Ultimately, given these key factors and crediting the Saudis with some common sense – which may or may not be well-founded — it seems unlikely that they are leading OPEC into another oil price war just yet. It may well also be that they are not taking their leadership decisions in OPEC, or the wider OPEC+, without consultation with Washington. It is true that the current oil price outlook is bearish, but this could change rapidly and in large part depending on what the U.S. has planned in some key respects in the coming months. For example, oil and gas sanctions against Russia are in the process of being ramped up dramatically – moves which are likely to be expanded and expedited following the recent incursion into NATO’s Polish territory by Russian drones.

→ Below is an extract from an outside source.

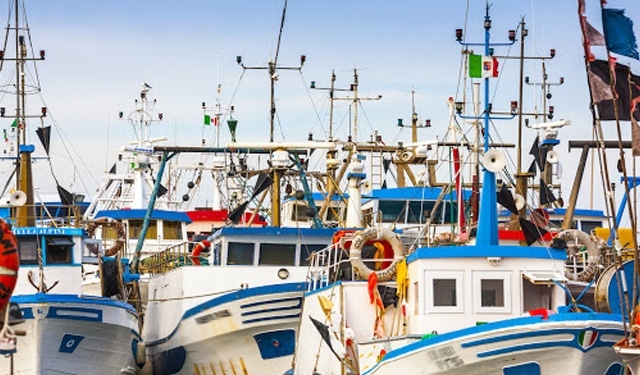 riduzione pesca Mediterraneo 2021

Similarly, sanctions are also being stepped up against Iran, Iraq, and Venezuela – three more huge oil producers. With potentially large reductions in oil supply from these countries in the short- and medium- term, the current bearish oil price picture could shift very quickly into one where new supplies coming in from OPEC are necessary to keep price pressures down. Such increases – led by Saudi Arabian supply – will also enable the Kingdom to expand its market share, which will partly offset the fall in price per barrel, and accords with the relationship rapprochement seen between Washington and Riyadh since the beginning of Trump’s second term as President.